Ontem mesmo, enquanto o mercado clamava por novos cortes de juro nos EUA, Eric Rosengren, do Fed, descartou necessidade de ação imediata. Os investidores já davam como certas novas ações do banco central americano, que, por sua vez, resiste a uma atitude mais contundente. O Fed, portanto, não está numa posição de se antecipar aos movimentos, mas de reagir, talvez até tardiamente, à desaceleração da economia.
Vale (SA:VALE3) dizer que a produção industrial brasileira também decepcionou fortemente ontem, afastando a hipótese de interrupção ou antecipação do fim do ciclo de corte da Selic — encerraremos 2019 com juro básico de 5 por cento, talvez menos. E não será surpresa se viermos a discutir a hipótese de juros reais de curto prazo zerados; aliás, como é no mundo inteiro.

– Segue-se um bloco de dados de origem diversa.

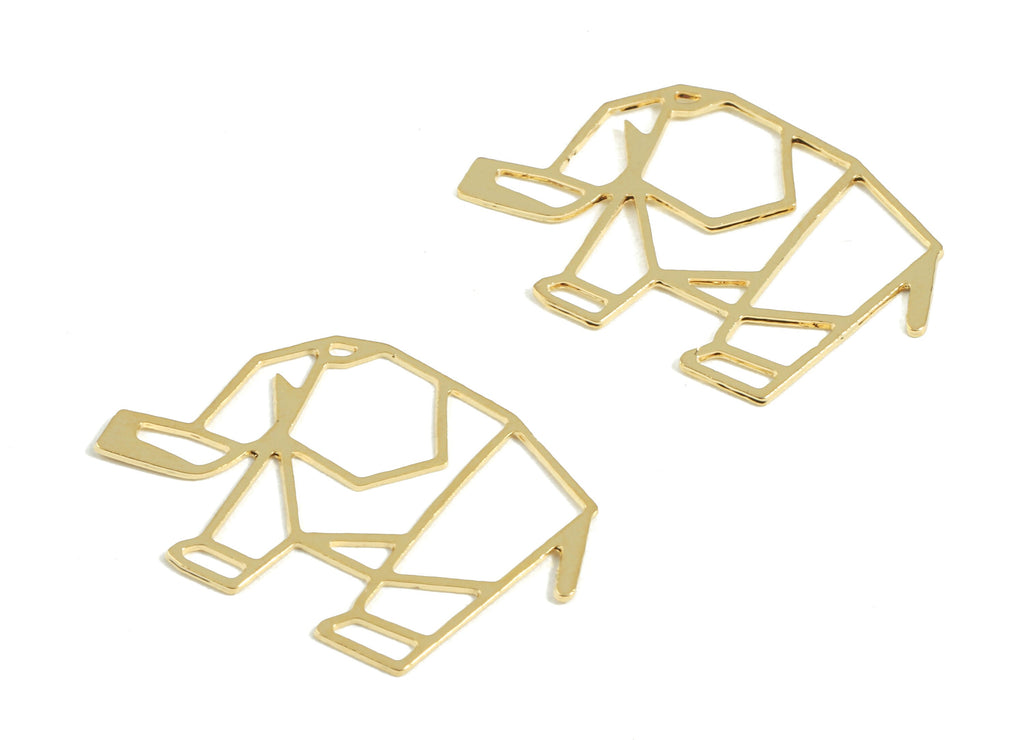 Brass Elephnat Earring Charms - Brass Wire Elephnat Earring Pendant - 18K Real Gold Plated Brass - 26.99x26.99x0.58mm - RGP2380 - DOMEDBAZAAR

Resumo da história: a coisa está mais nebulosa e sombria na margem. A chance de recessão global entrou de vez na conversa e o crescimento econômico brasileiro insiste em não pegar no tranco. Evidentemente, sob forte desaceleração lá fora, ficaria ainda mais difícil para crescer com força aqui. Por ora, ainda é só uma perda de velocidade na margem, com o efeito sobre os preços dos ativos podendo ser amenizados por quedas adicionais nos juros.

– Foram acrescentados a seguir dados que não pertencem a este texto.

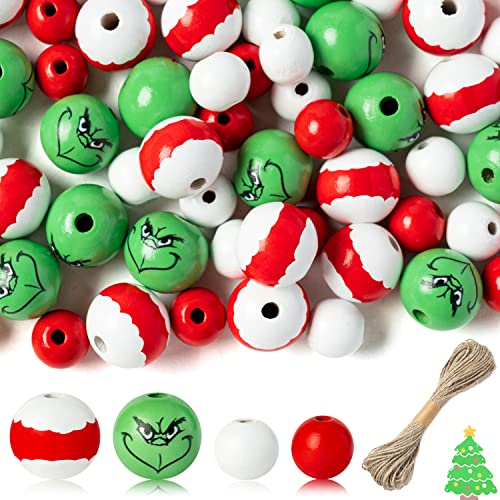 Eartim 121 Stück Weihnachten Holzperlen Rot Grün Runde Perlen Rustikale Bauernhaus mit 180 m Schnur Naturholzperlen Handwerk DIY Weihnachten Party Hängende Ornament Dekor von Eartim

De todo modo, o mundo vai ficando mais incerto, sem deixar muito espaço para se saber o que vai acontecer. E quando não se sabe o que fazer, só resta o caminho da diversificação. Precisaremos cada vez mais de um portfólio calibrado, balanceado, sem uma grande exposição direcional do tipo all-in. Insisto na importância do asset allocation e não da obsessão gananciosa e destruidora de uma ou outra posição individual.